My reading is that if run serially the second function call
results in a select returning zero records (exists returns true,
then not-ed to a constant false in the where clause) and thus no
insert is attempted and thus no duplicate key error - the record
from the first transaction remains as-is and the second is
effectively a no-op.

So the fact the serializable versions fails is correct but it
fails "incorrectly" since a serial execution could never fail
with a duplicate key error.  Thus neither a possible unspecified
serial order result (dup being an impossible one) nor a
serialization error occurred which is contrary to the guarantee
that you state.

Now, the fact is the serialization case correctly fails but from
an API perspective immediate retry makes no sense for duplicate
key failure while it does for serialization failure.

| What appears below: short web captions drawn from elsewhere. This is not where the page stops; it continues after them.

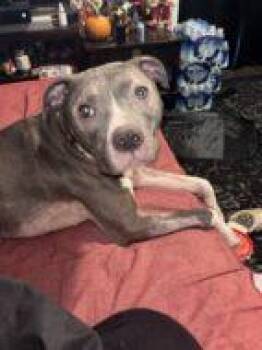 Mixed Breed Dogs Available for Adoption in West Chester, Pennsylvania - Rolo Fka Worm | PetCurious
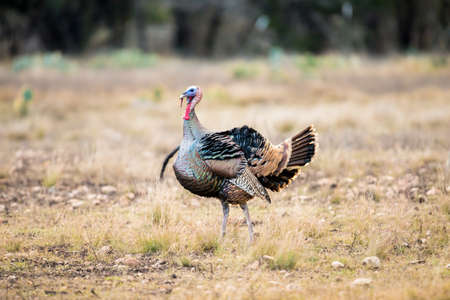 Wild Rio Grande turkey ruffled up in the cold airの写真素材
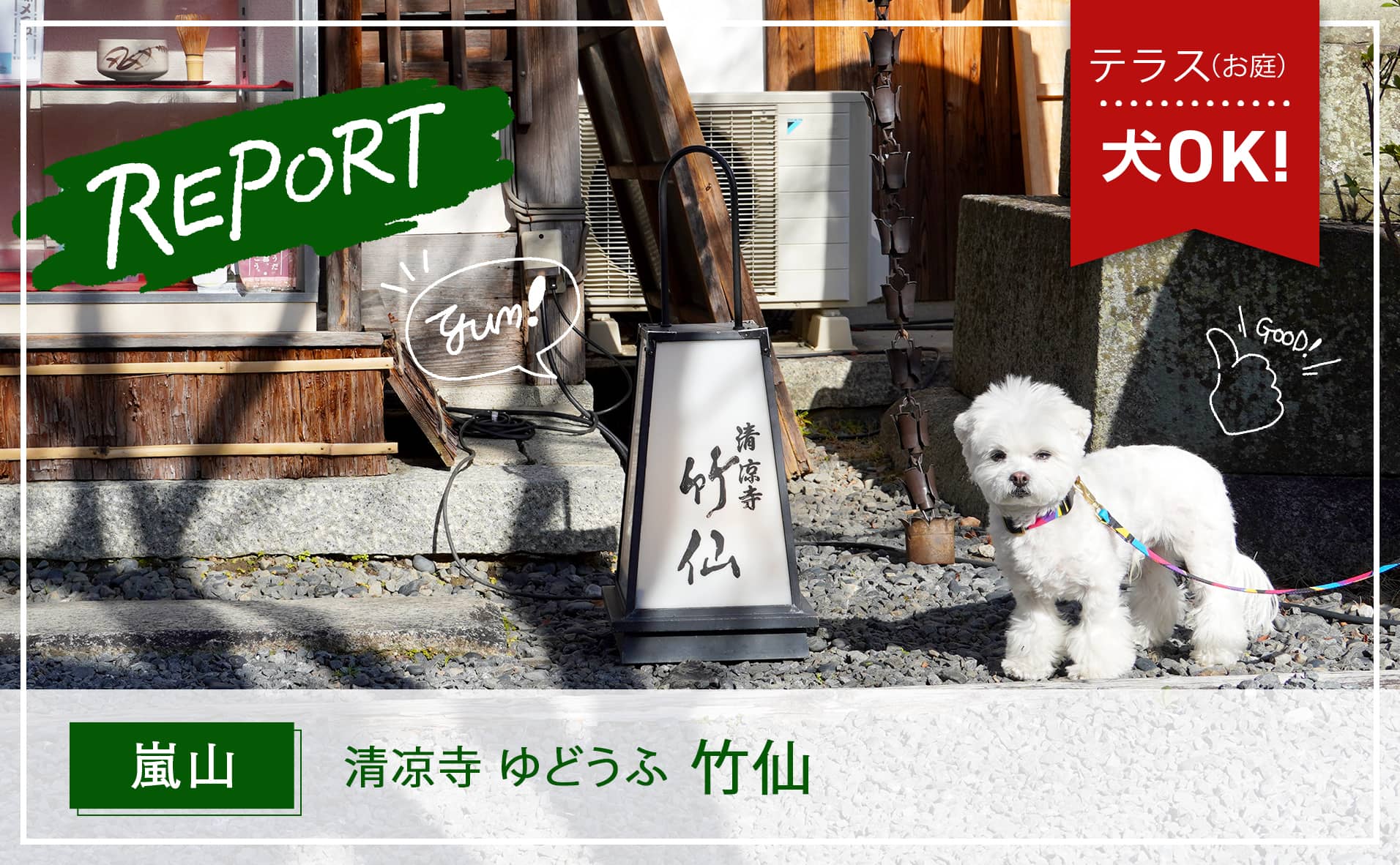 【嵐山】京都「清凉寺」寺院内で犬とおいしい京料理・湯豆腐が味わえる『竹仙』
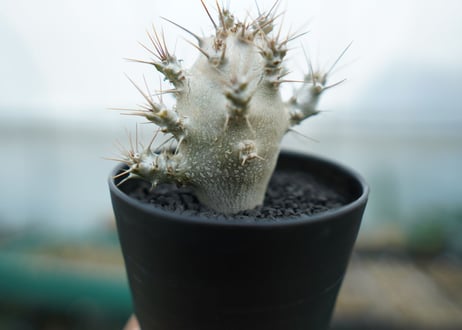 パキポディウム　サンデルシー　Pachypodeium saundersii  No.2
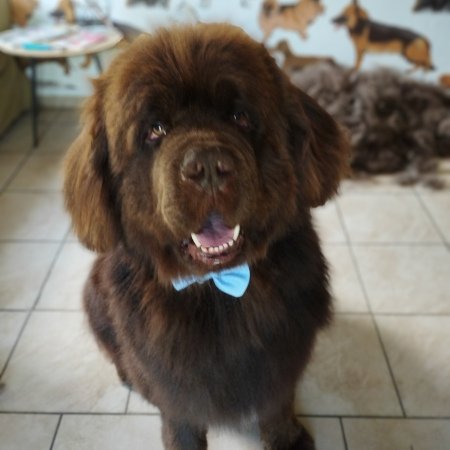 Piesek po pielęgnacji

This issue has been noted in the literature since at least 2007[1]http://www.vldb.org/conf/2007/papers/industrial/p1263-jorwekar.pdf Automating the Detection of Snapshot Isolation Anomalies by Sudhir Jorwekar, Krithi Ramamritham, Alan Fekete, S. Sudarshan VLDB ‘07, September 23-28, 2007, Vienna, Austria..
In the static code analysis of academic and financial systems at
Indian Institute of Technology Bombay which had been relying on
snapshot isolation for transactional integrity they initially
flagged many possible sources of data corruption from serialization
failure which turned out not to actually be possible due to primary
keys, unique indexes, or foreign keys.  After considering such
issues they were left with only two real risks in each of the
systems, and were only able to find actual data corruption of one
of those in each system.

If there were a cheap and reliable way to turn violations of these
constraints into serialization failures where appropriate, I agree
that it would be better to do so.  I have not been able to see any
way to do that, but am all ears if anyone else has an idea.  (Note
the constraints of cheap and reliable; we could allow the SSI
mechanism to generate SIReadLocks during constraint enforcement,
but it's not clear that it would always find a serialization error
before the constraint caused an error, and the overhead might be
significant.)

The actual guarantee provided is more like: "The behavior of any
set of successfully committed concurrent serializable transactions
will be consistent with some unspecified serial order of execution
of those transactions."  Constraints may terminate a transaction
before the serializable snaphsot isolation mechanism is able to
recognize a problem and cancel a transaction with a different
SQLSTATE, but the guarantee should prevent any serialization
anomalies from appearing in the database.  It does present a
challenge in terms of knowing whether a constraint validation like
"duplicate key" indicates a situation which can be automatically
re-tried.  If that is of paramount importance one could implement
the logic for preventing duplicate keys or enforcing foreign keys
in triggers using serializable transactions, but that would come
with a heavy price in both maintenance effort and performance.

--
Kevin Grittner
EDB: http://www.enterprisedb.com
The Enterprise PostgreSQL Company

[1]: http://www.vldb.org/conf/2007/papers/industrial/p1263-jorwekar.pdf Automating the Detection of Snapshot Isolation Anomalies by Sudhir Jorwekar, Krithi Ramamritham, Alan Fekete, S. Sudarshan VLDB ‘07, September 23-28, 2007, Vienna, Austria.
Automating the Detection of Snapshot Isolation Anomalies
by Sudhir Jorwekar, Krithi Ramamritham, Alan Fekete, S. Sudarshan
VLDB ‘07, September 23-28, 2007, Vienna, Austria.